In 2008, Princeton University took a survey of students to determine the sexual assault statistics at the school. The results of the survey were never published.
Just a few days ago, Princeton’s student paper, The Daily Princetonian, obtained and published the results from Princeton’s 2008 Sexual Experiences Survey. It shows that one in six female undergraduates was the victim of sexual assault — a ratio just slightly lower than the national average, but higher than the reported incidents at the school.
But the administration has not been forthcoming with its rationale for withholding the results. In an interview with the school paper, faculty explained only that they didn’t want to draw “unwanted attention” to the school by publishing the statistics:
It remains unclear why the survey was never publicly released, but one University administrator said the University did not want to draw unwanted attention by publicizing the report’s findings when they were in line with national averages. […]
Although she explained she was not aware of the precise reasons the survey’s results were kept private, [Amada Sandoval, Director of the Women’s Center] said the results were probably never released because they were consistent with national averages and because other universities do not publicize such data.“Anything about Princeton goes international, practically, and no other universities do that, so does Princeton want to be the one to say that this many of our students are sexually assaulted? I don’t think so,” Sandoval said.
In a later article, a different Princeton spokesperson, Martin Mbugua, explained that the results were meant to be internal:
“Let me note that the 2008 survey was taken for the purpose of informing internal planning and programming and was used for that purpose,” Mbugua said. “Those conducting the survey did not think of it as a survey whose results would be published.”
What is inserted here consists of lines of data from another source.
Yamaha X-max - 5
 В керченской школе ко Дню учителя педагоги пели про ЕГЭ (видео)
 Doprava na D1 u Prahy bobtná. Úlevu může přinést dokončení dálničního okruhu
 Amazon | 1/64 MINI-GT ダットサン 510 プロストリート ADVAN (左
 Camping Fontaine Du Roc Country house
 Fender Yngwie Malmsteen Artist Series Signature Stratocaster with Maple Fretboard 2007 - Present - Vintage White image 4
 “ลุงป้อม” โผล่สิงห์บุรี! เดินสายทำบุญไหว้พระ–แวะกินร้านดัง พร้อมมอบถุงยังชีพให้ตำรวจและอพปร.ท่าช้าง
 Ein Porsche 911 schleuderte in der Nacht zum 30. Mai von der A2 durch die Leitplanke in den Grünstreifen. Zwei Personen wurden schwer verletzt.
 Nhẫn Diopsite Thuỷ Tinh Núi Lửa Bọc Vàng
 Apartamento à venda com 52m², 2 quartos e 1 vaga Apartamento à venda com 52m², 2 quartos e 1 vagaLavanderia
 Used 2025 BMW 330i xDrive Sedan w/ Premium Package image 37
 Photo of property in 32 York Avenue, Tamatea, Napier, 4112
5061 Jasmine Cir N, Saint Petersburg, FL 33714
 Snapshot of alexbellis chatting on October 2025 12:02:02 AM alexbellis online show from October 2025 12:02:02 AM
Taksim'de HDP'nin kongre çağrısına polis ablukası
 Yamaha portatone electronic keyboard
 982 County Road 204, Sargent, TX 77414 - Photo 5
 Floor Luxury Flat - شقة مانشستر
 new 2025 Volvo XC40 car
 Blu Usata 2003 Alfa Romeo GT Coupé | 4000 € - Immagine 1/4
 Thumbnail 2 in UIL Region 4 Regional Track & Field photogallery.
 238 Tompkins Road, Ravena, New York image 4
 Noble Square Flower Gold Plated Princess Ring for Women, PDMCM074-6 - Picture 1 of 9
Now that the old survey results have been revealed, Princeton students are petitioning the administration to issue a new Sexual Experiences Survey. But Princeton’s Director of the Survey Research Center believes that won’t be necessary, since the school is participating in a larger student health and well-being study through the American College Health Association. It is not yet known whether the results of that survey will be made public, though they have been in past years.